On March 2, 2011, the SEC released a proposed rule regarding incentive-based compensation arrangements at “covered financial institutions” with $1 billion or more in assets. The proposed rules are the product of a joint rulemaking effort undertaken by the SEC and other financial regulators pursuant to section 956 of the Dodd- Frank Act. Section 956 of Dodd-Frank requires the SEC and certain other agencies with regulatory authority over financial institutions to prescribe rules or guidelines that prohibit incentive-based compensation arrangements which encourage inappropriate risk-taking. The SEC and other agencies chose to enact rules rather than promulgate guidelines. While the rules are substantially similar from agency to agency, they are specifically tailored to address differences among the entities subject to regulation by the respective agencies.

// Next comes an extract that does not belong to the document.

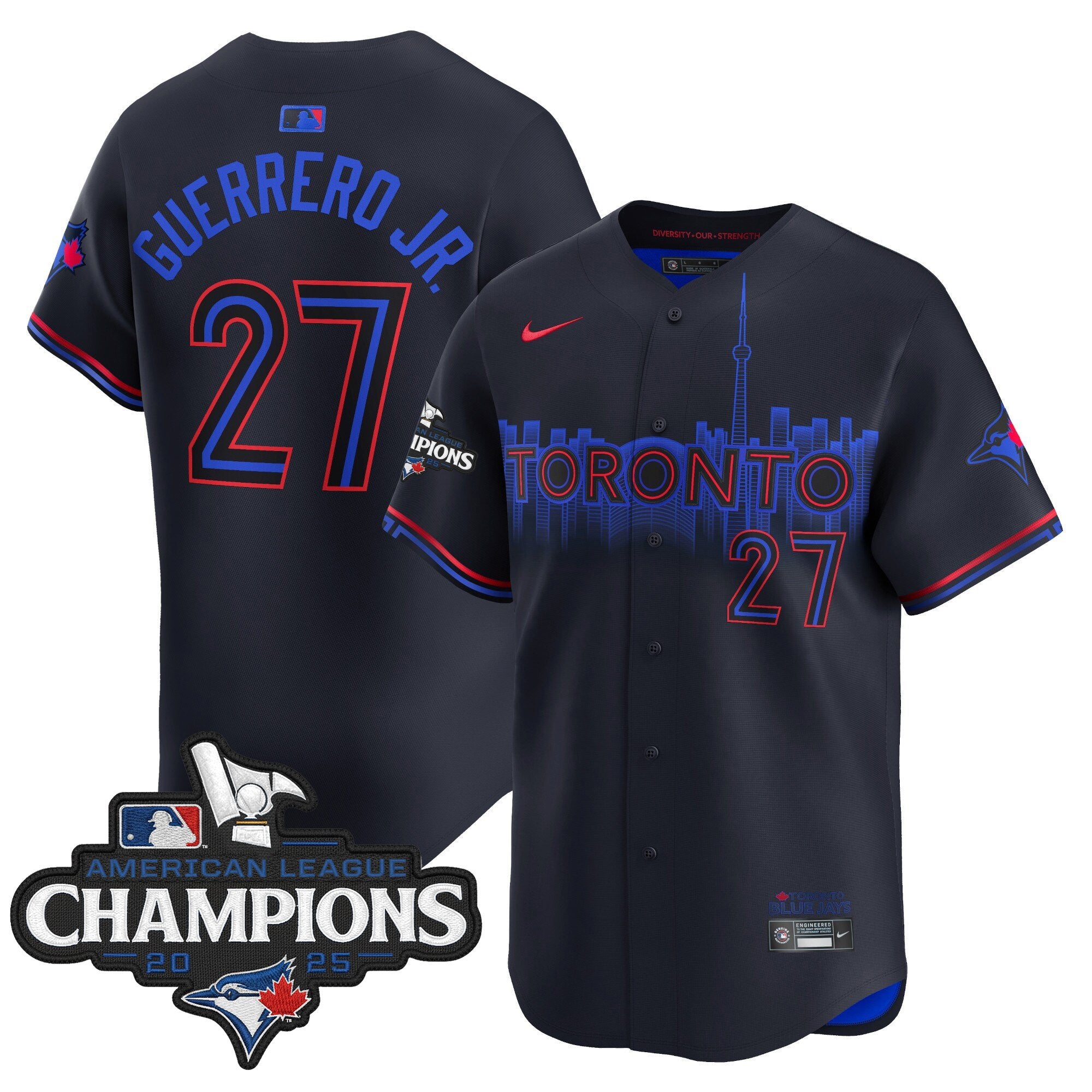 Men's Toronto Blue Jays 2025 American League Champions Vapor Premier Limited Jersey - All Stitched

There will be a 45-day period for public comment on the proposed rules after publication in the Federal Register.

Summary of the Proposed Rules

The proposed rules would prohibit “covered financial institutions” with $1 billion or more in assets from establishing or maintaining incentive-based compensation arrangements that would encourage “covered persons” from exposing the financial institution to inappropriate risks by providing “excessive compensation” or that “could lead to material financial loss” to the institution. Covered broker-dealers and investment advisers would be required to file a report with the SEC on an annual basis describing the institution’s incentive-based compensation arrangements in sufficient detail to enable the SEC to identify areas of concern. In addition, such institutions would be required to establish policies and procedures to ensure that incentive-based compensation arrangements do not encourage inappropriate risk.

Larger financial institutions with $50 billion or more in assets would be subjected to a requirement that at least 50% of any incentive-based compensation award to an executive officer be deferred over a period of at least three years, and the deferred amounts would be subject to a claw-back in the event of losses. In addition, incentivebased compensation arrangements for executive officers and certain other employees at such larger financial institutions would have to be approved by the board of directors or an appropriate committee.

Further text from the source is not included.